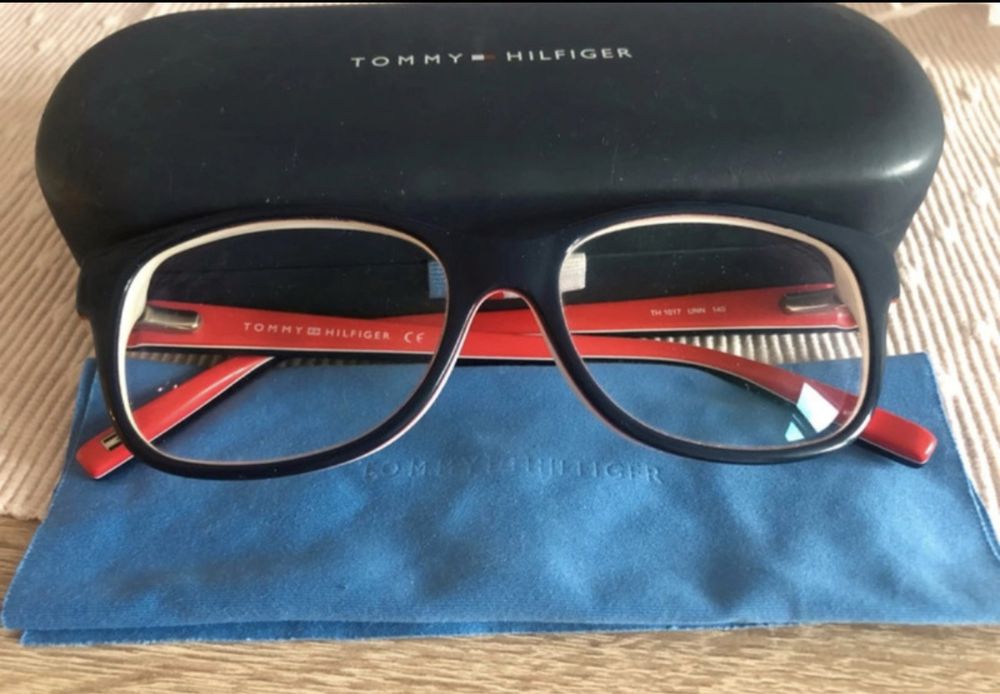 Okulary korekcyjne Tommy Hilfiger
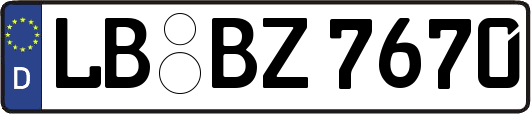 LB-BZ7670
◇ ◇ ◇
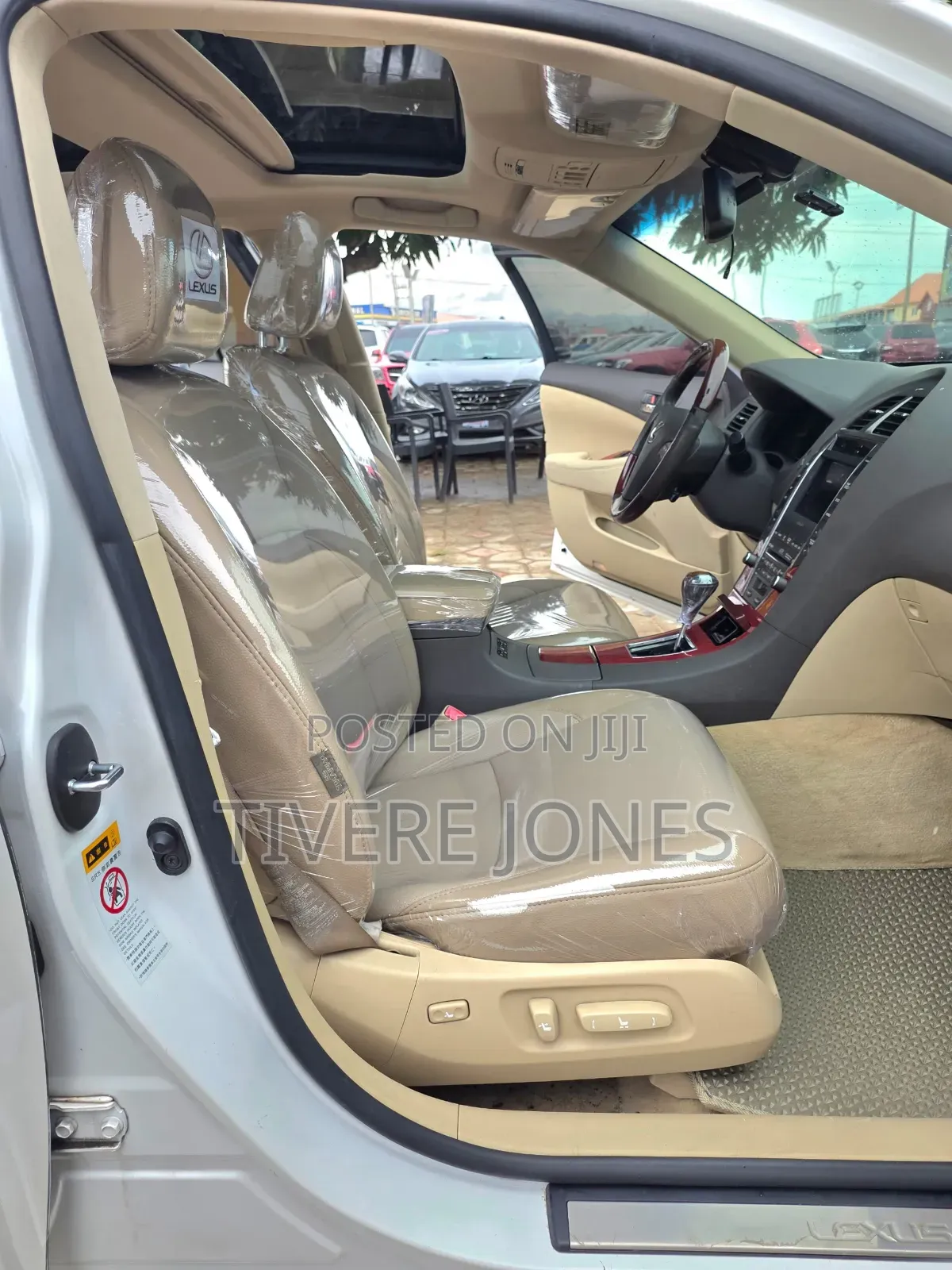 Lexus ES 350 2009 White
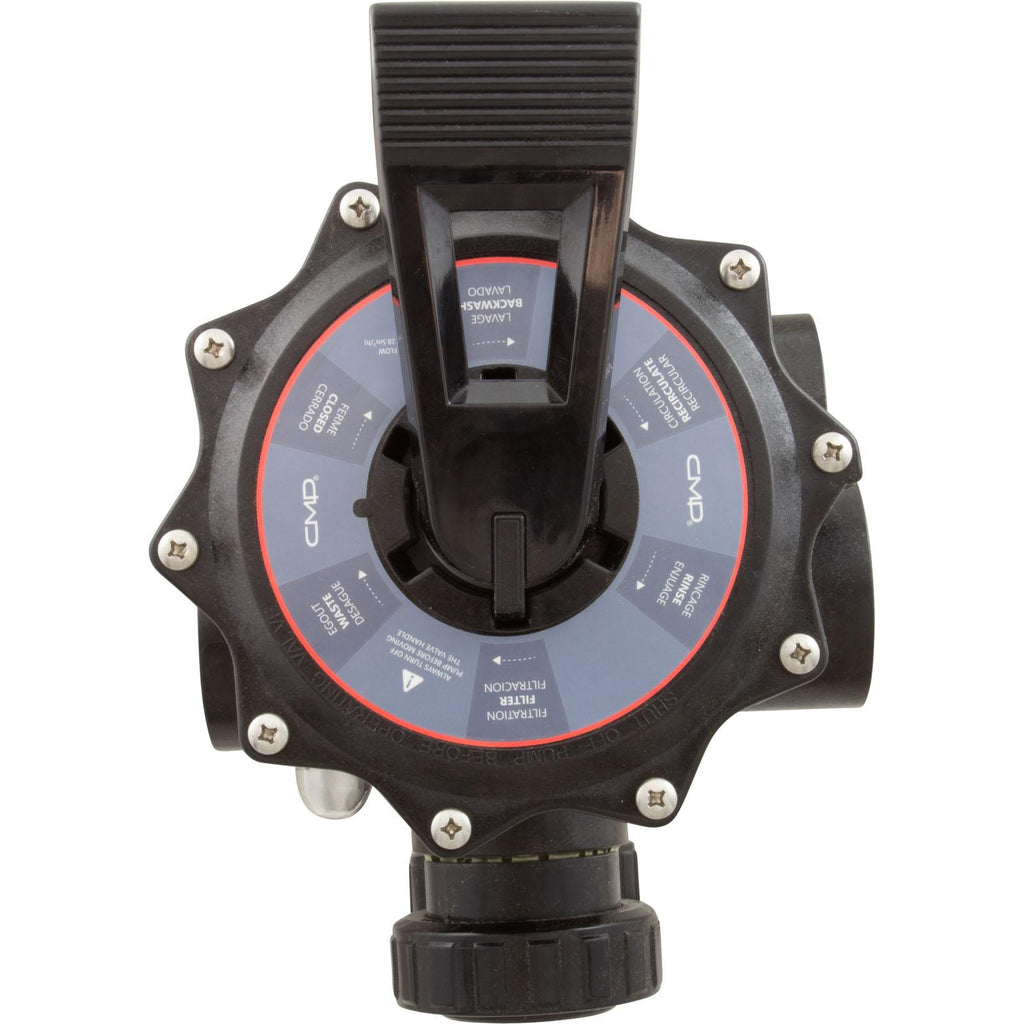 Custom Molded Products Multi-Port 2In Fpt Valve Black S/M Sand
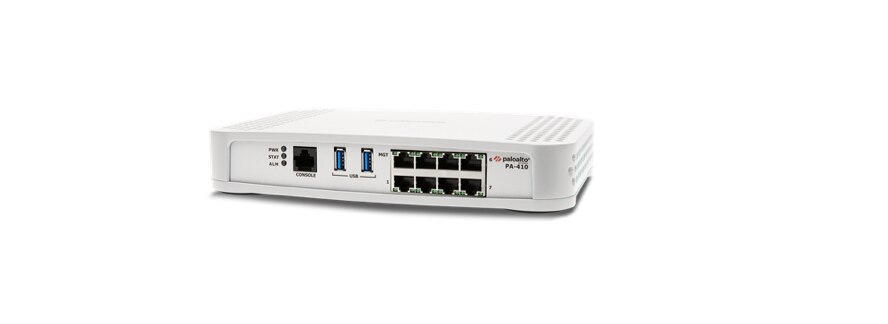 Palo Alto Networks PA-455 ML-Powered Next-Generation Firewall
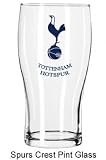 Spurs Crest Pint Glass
◇ ◇ ◇
(Activity): Return exactly the lines above, from the one with "Lexus ES 350 2009 White" up to and including the one with "Spurs Crest Pint Glass", and include no pictures.

(Completed task):
 Lexus ES 350 2009 White
 Custom Molded Products Multi-Port 2In Fpt Valve Black S/M Sand
 Palo Alto Networks PA-455 ML-Powered Next-Generation Firewall
 Spurs Crest Pint Glass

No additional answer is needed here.